As an example of what Vance is referring to, he once talked with Tucker Carlson about seizing the assets of charitable groups like the Ford Foundation. Of course, doing that to institutions simply because they are on the other side of the culture wars would be, at minimum, unconstitutional, and perhaps even a crime. So ominously, Vance suggested that he would simply ignore the courts.
All of this shines a whole new light on what DeSantis is doing to Disney World. He seems to have lined up with the National Conservatives. It’s also in line with what 18 Republican House members did to threaten Twitter’s board when they initially balked at accepting Elon Musk’s offer to buy the company.
Charles Sykes is absolutely right that none of this has anything to do with populism. But it also isn’t simply about grievance.

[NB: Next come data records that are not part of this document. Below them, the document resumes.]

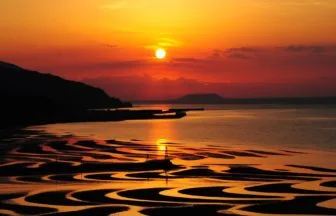 熊本県宇土市 日本の夕陽百選に選ばれている御輿来海岸の美しい夕景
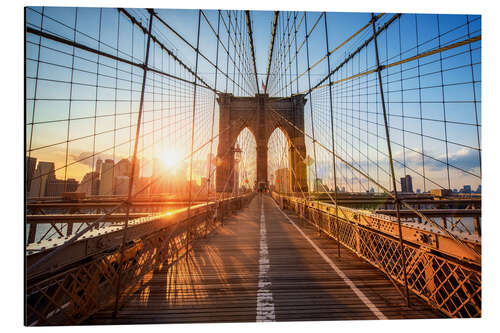 Alubild Brooklyn Bridge in New York bei Sonnenaufgang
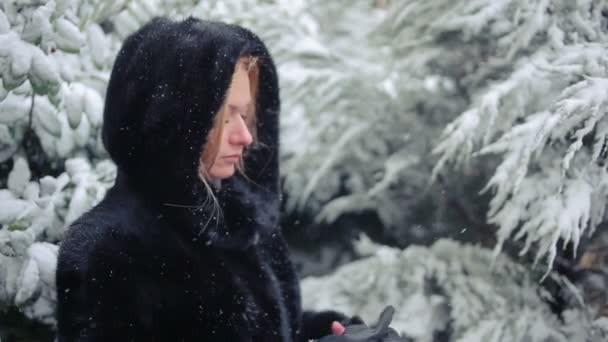 Młoda piękna kobieta w stylowe futro z norek na tle parku zimowych — Wideo stockowe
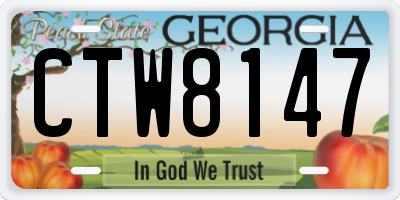 GA license plate CTW8147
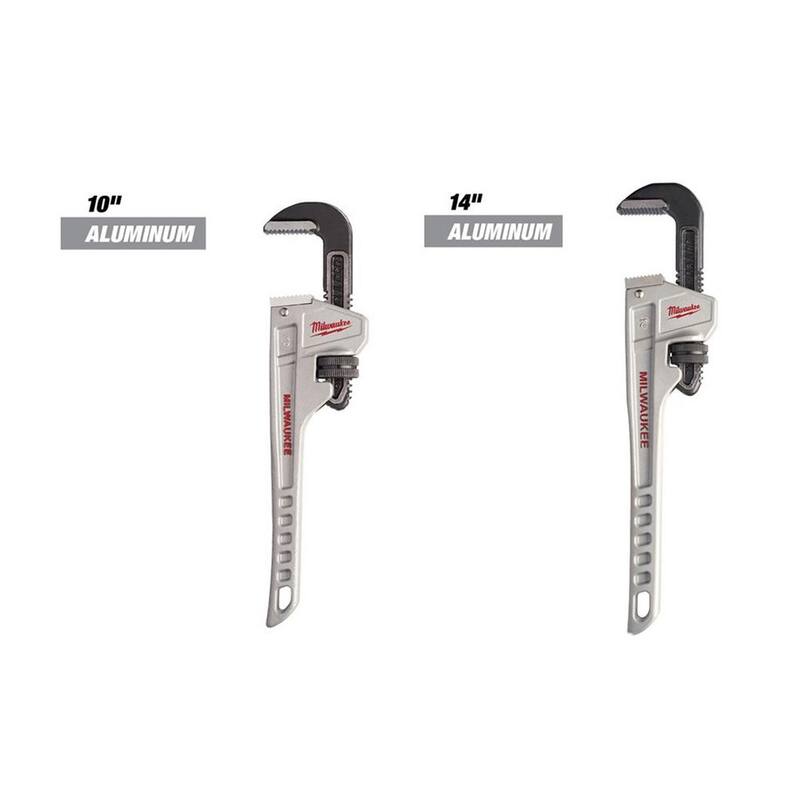 Juego de Llaves para tubo de aluminio de 10 pulgadas y 14 pulgadas de Milwaukee (2 piezas) - 48-22-7210-48-22-7214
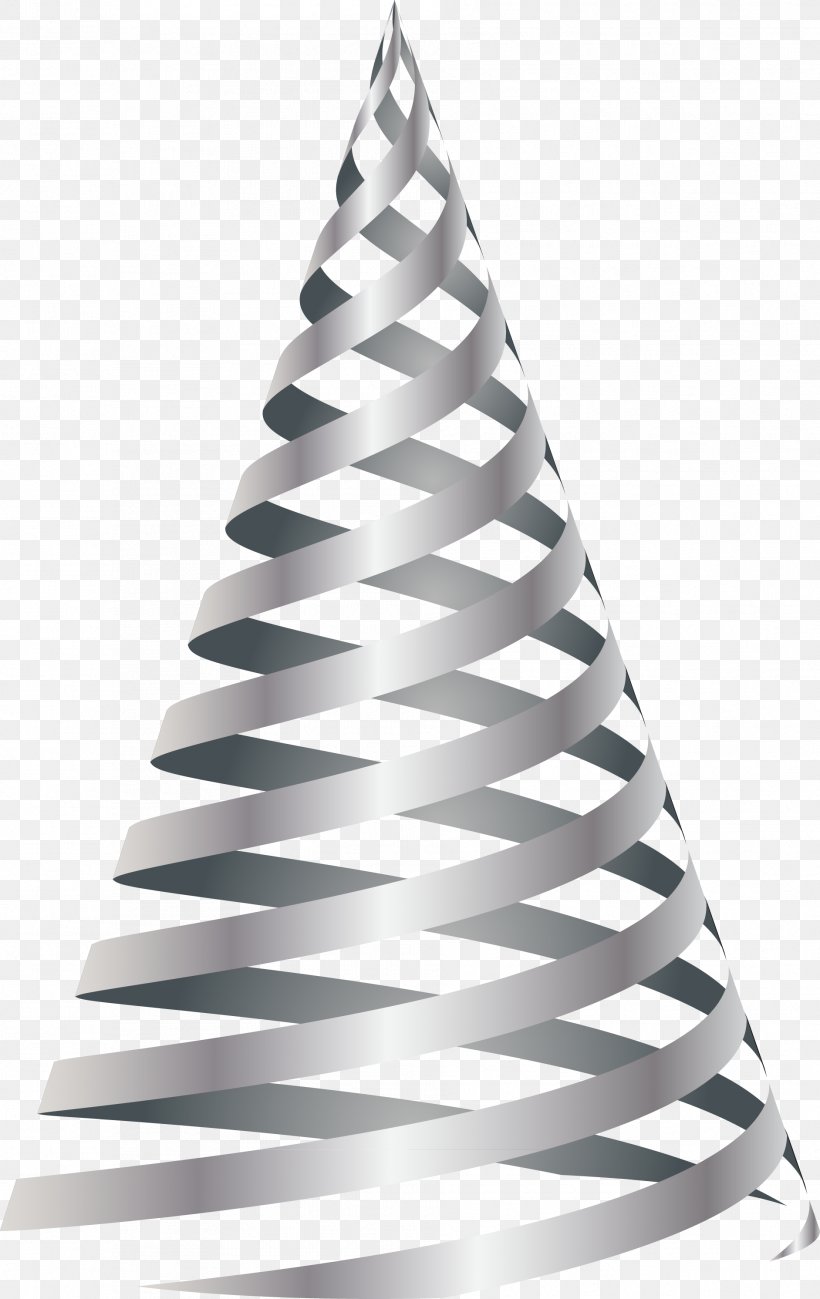 Cone Spiral Clip Art, PNG, 1883x2984px, Cone, Black And White, Christmas Decoration, Christmas Ornament, Christmas Tree Download Free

It is about turning what we’ve come to casually refer to as “culture wars” into an actually war for power. Jonathan Chait got this one right.
This is one way rulers like Orban and Putin hold power. It is a method that, until quite recently, would have been considered unthinkable in the United States. That bright line has been obliterated.
While the National Conservatives have quieted down their admiration for Putin since he began his genocidal campaign in Ukraine, they’re openly touting their admiration for Viktor Orban. Here’s Rod Dreher, one of the leading voices of NatCons.
The call now among some Republican commentators for the state to take action against Disney, to revoke its special privileges on copyright to retaliate for its indoctrination of American children, is a pure Orban move. We need to see more of it. Republicans have been so prostrate before Big Business that they have sat there like idiots while Woke Capitalism organizes to turn conservative values of faith and the traditional family into pariahs among the young. Either we on the Right will learn from Viktor Orban how to use politics to fight this, or we will be defeated.
As I’ve mentioned before, I don’t tend to be an alarmist. But in my 60+ years on this planet I never would have envisioned that we’d be hearing fascist talk like this coming from politicians and political commentators in the United States of America. It is terrifying. If you’re not seeing the makings of Gilead from The Handmaid’s Tale, then you’re not paying attention.
It is beyond time for all of us to take stock of what is happening in our country. We must stand up, speak out, and vote like our lives depended on it…because they do!